> **What to do**: For the entries below, copy exactly the line that contains "Handbuch Frästische - Henn, Guido" through the line that contains "Стиральная машина Samsung WW70R62LVTXDLP", both ends included, and exclude all pictures.

───── Records shown ─────

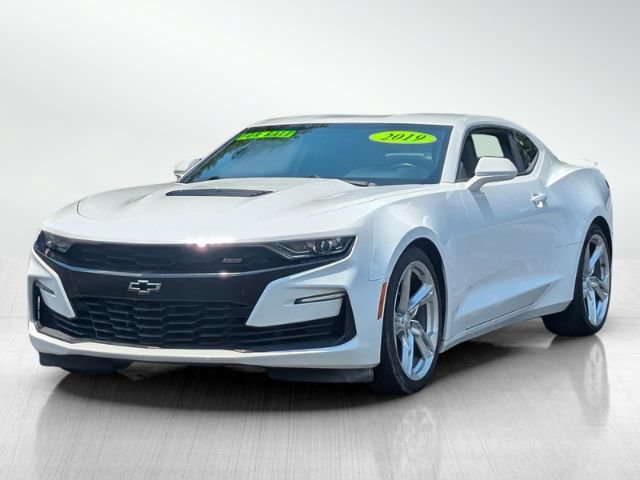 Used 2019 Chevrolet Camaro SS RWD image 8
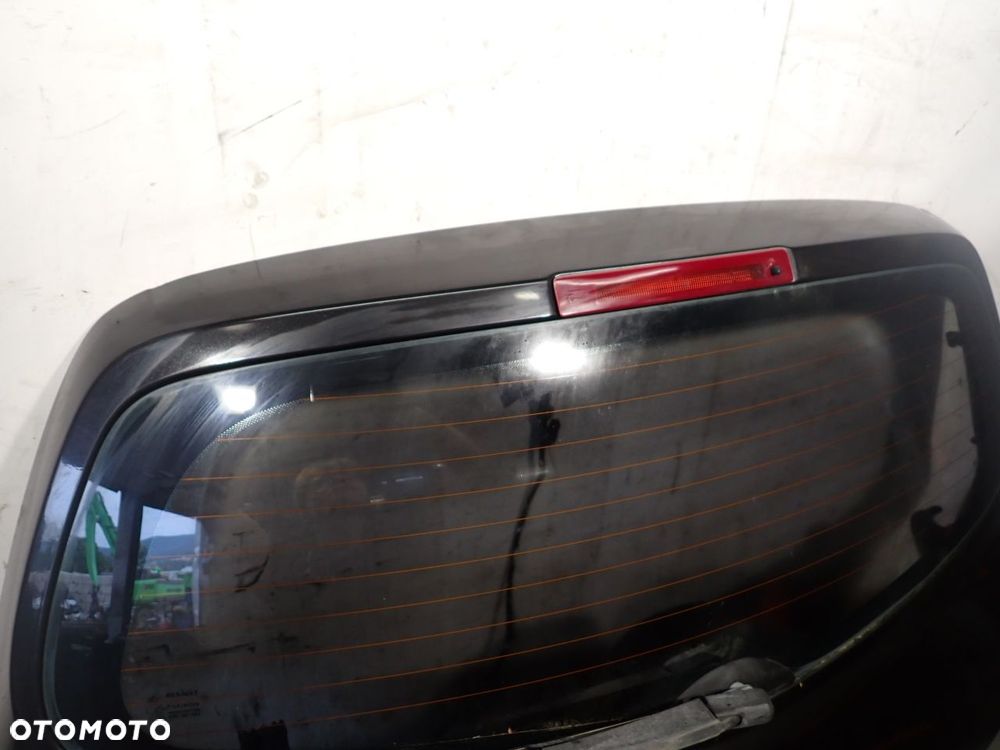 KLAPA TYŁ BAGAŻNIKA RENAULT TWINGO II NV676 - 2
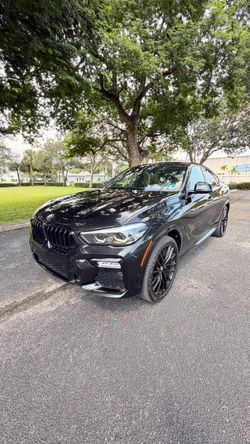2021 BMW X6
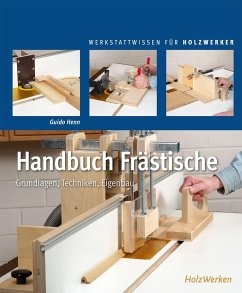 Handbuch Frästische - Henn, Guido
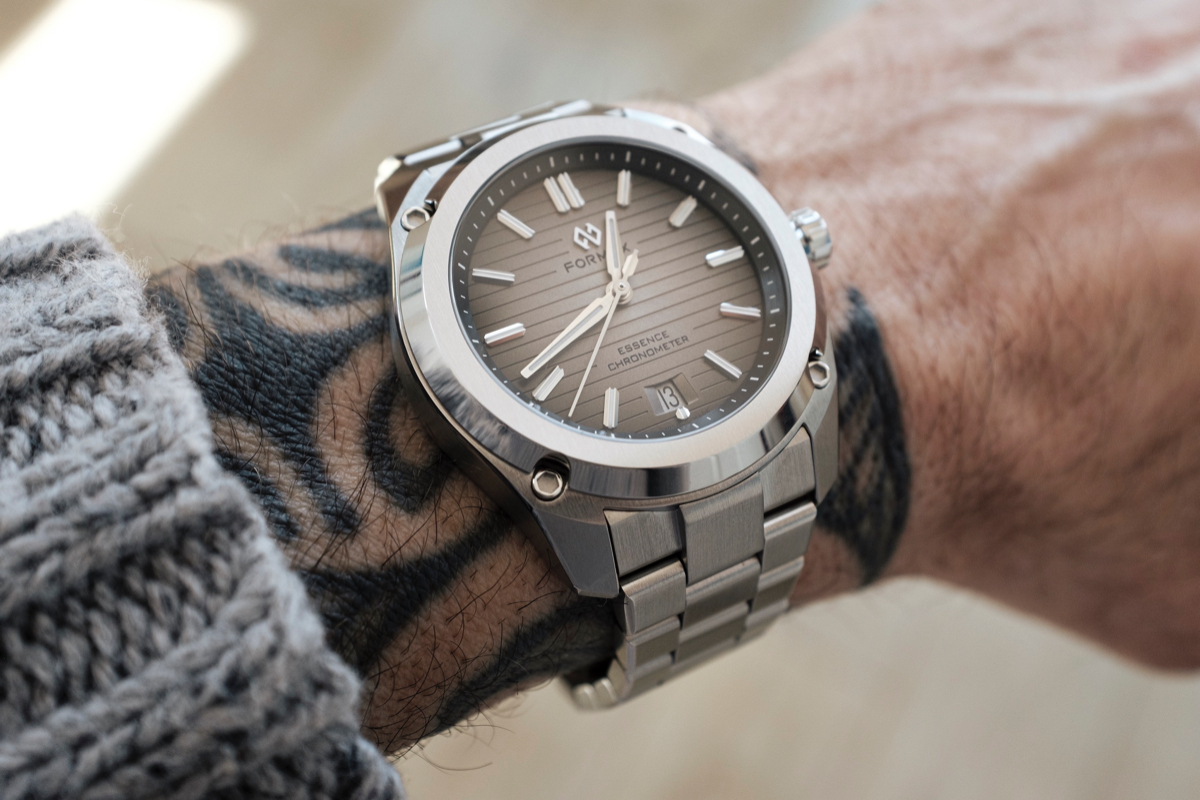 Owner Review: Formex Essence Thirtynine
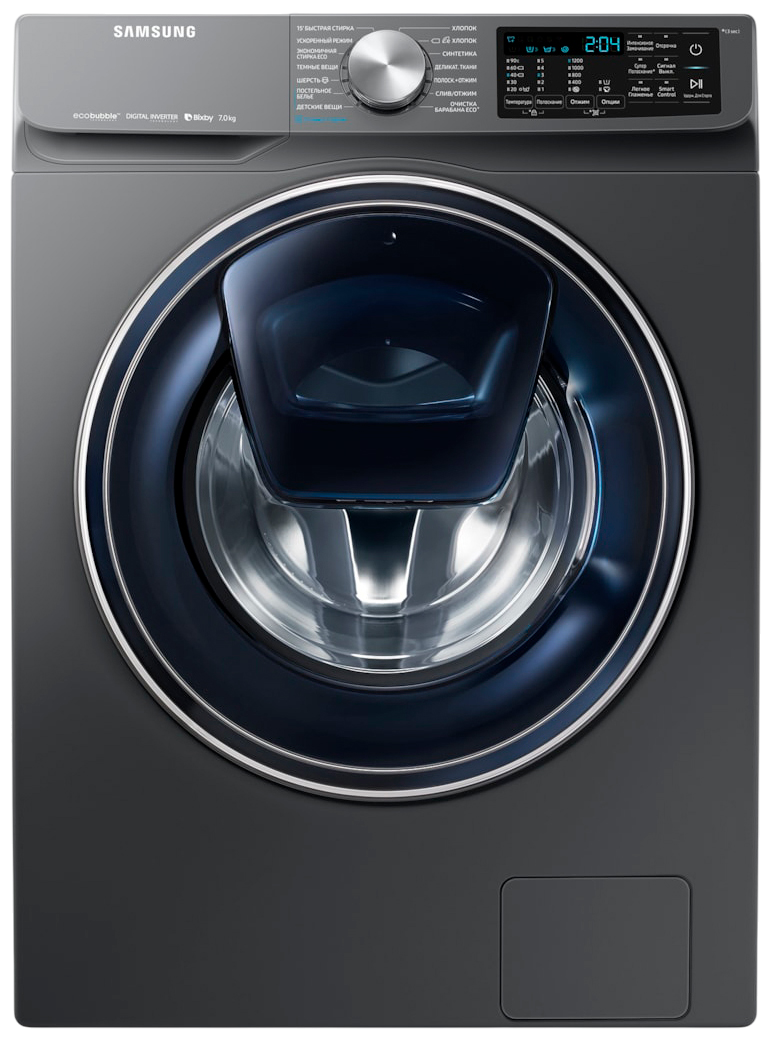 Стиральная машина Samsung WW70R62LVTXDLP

─────
───── Records shown ─────

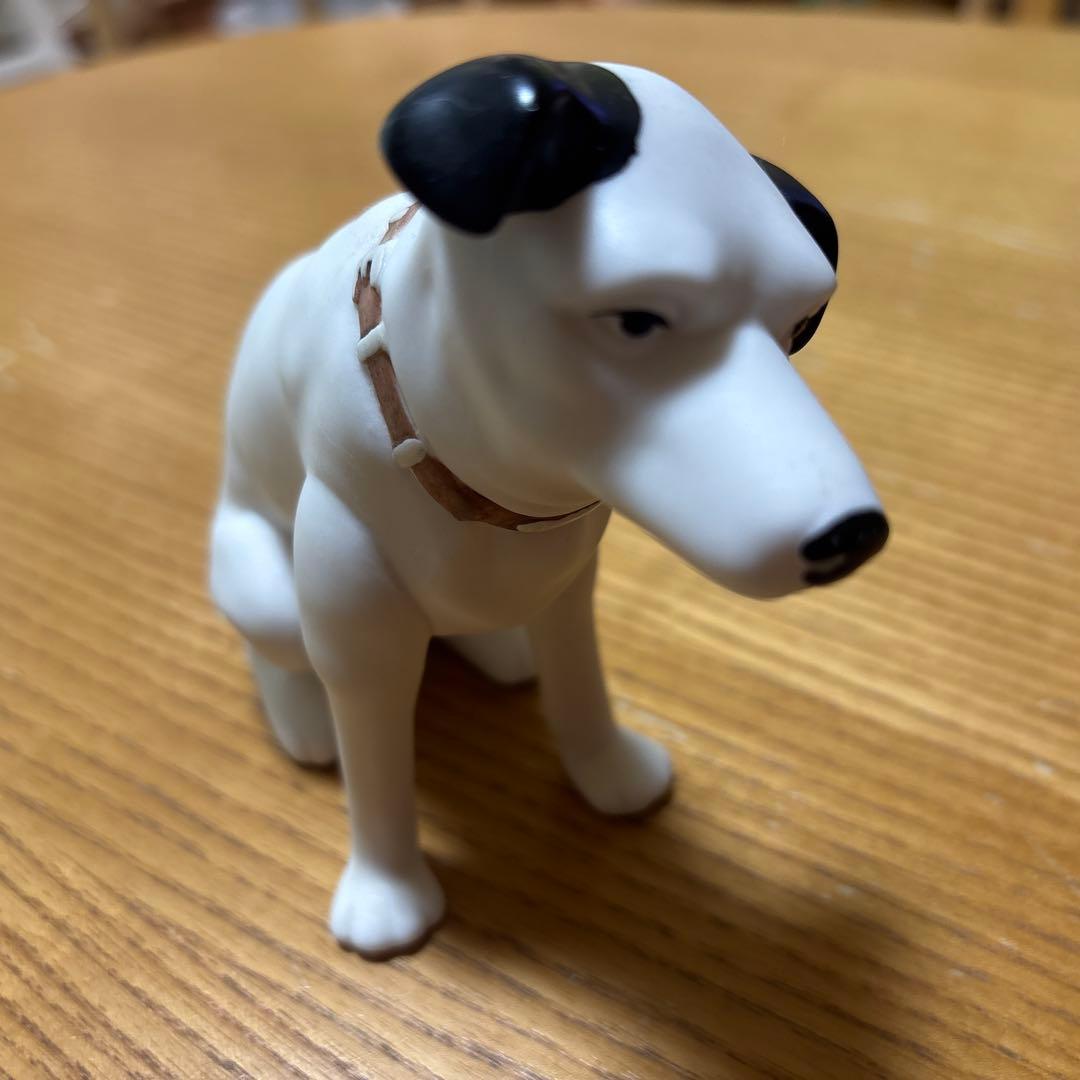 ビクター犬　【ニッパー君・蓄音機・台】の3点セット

─────

> **Answer section**:
 Handbuch Frästische - Henn, Guido
 Owner Review: Formex Essence Thirtynine
 Стиральная машина Samsung WW70R62LVTXDLP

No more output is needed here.